▶ Task details
Starting at the line that contains "BASKETBALL MOM –", reproduce every line through the end of the entries below, with no pictures in the copy.

▶ Captioned web image data
---*---

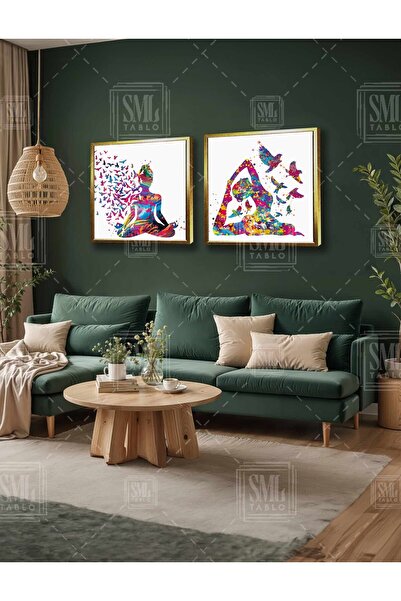 SML TABLO Femeie care face yoga, păsări zburătoare colorate, meditație, liniș...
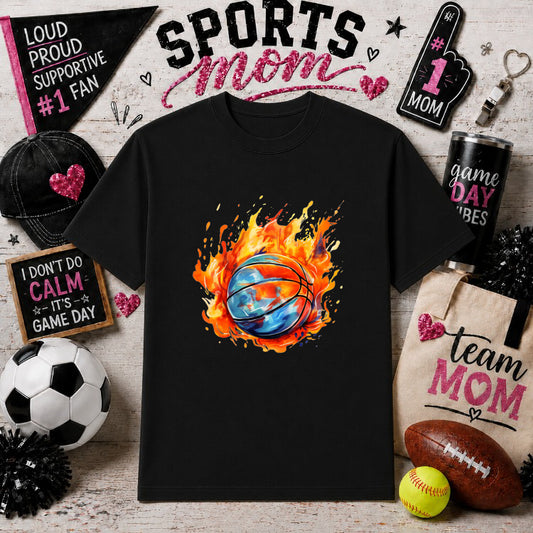 BASKETBALL MOM – Sports Mom DTF Transfer – by Ink Rush – Premade Transfers – Sports Mom, Gameday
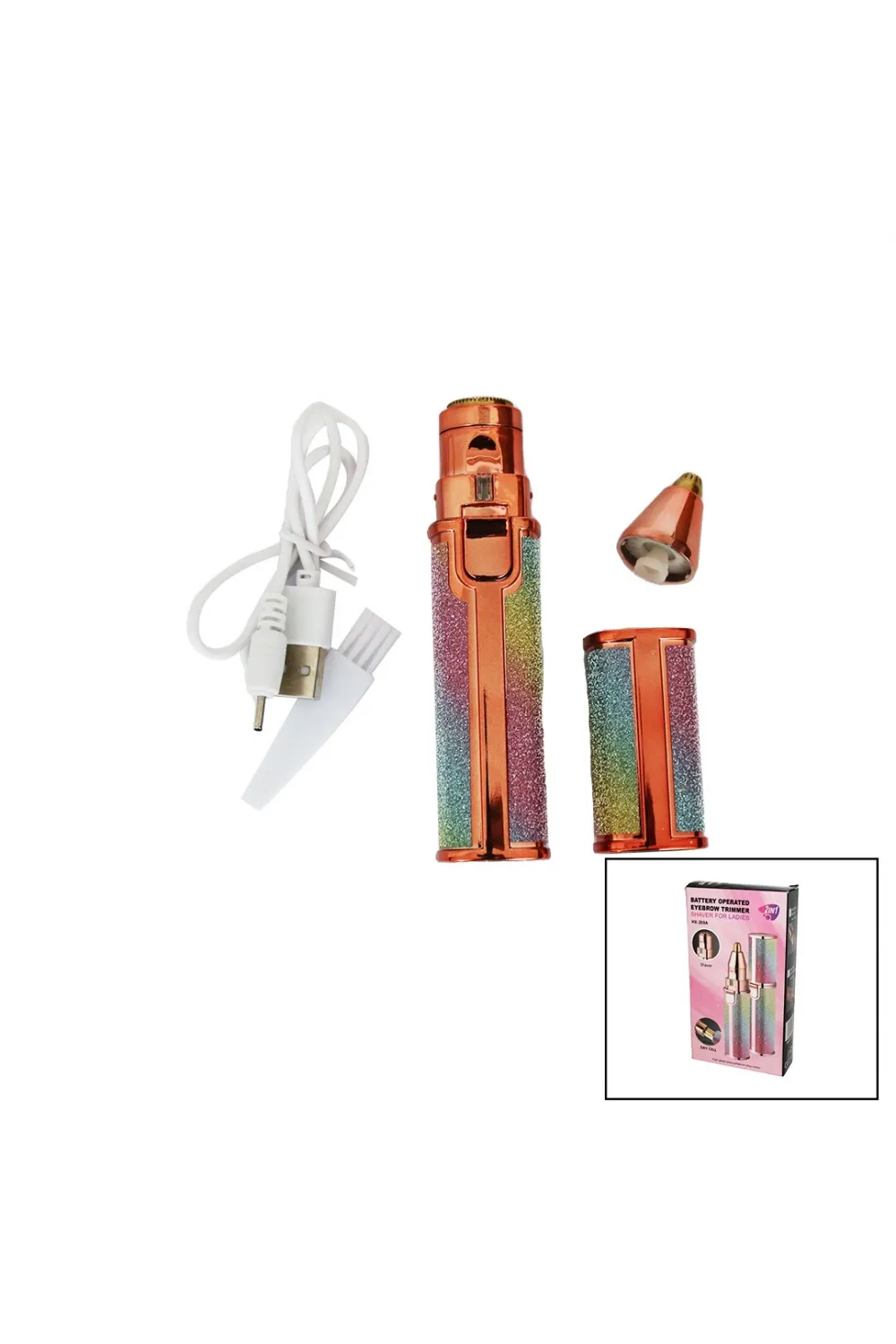 2ın1 Başlı - Simli - Ruj Model - Usb Şarjlı Yanak - Burun Tüy Alma Makinesi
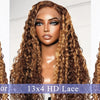30 34 Inch Highlight Ombre Lace Front Wig Curly Human Hair Wigs Honey Blonde Colored HD Deep Wave Frontal Wigs For Black Women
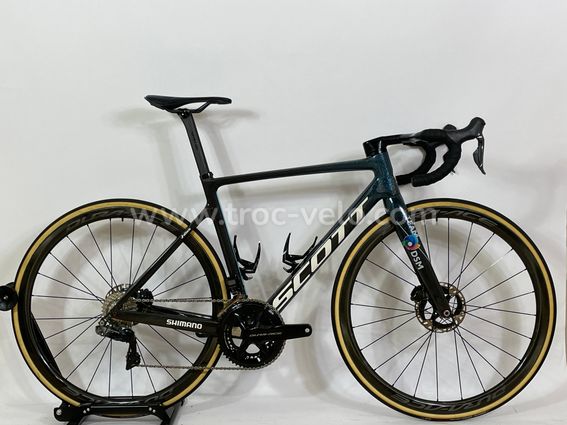 Short Vélo été SCOTT RC Équipe Nightfall - Bleu/Jaune - Lycra Unisexe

---*---

▶ Task output
 BASKETBALL MOM – Sports Mom DTF Transfer – by Ink Rush – Premade Transfers – Sports Mom, Gameday
 2ın1 Başlı - Simli - Ruj Model - Usb Şarjlı Yanak - Burun Tüy Alma Makinesi
30 34 Inch Highlight Ombre Lace Front Wig Curly Human Hair Wigs Honey Blonde Colored HD Deep Wave Frontal Wigs For Black Women
 Short Vélo été SCOTT RC Équipe Nightfall - Bleu/Jaune - Lycra Unisexe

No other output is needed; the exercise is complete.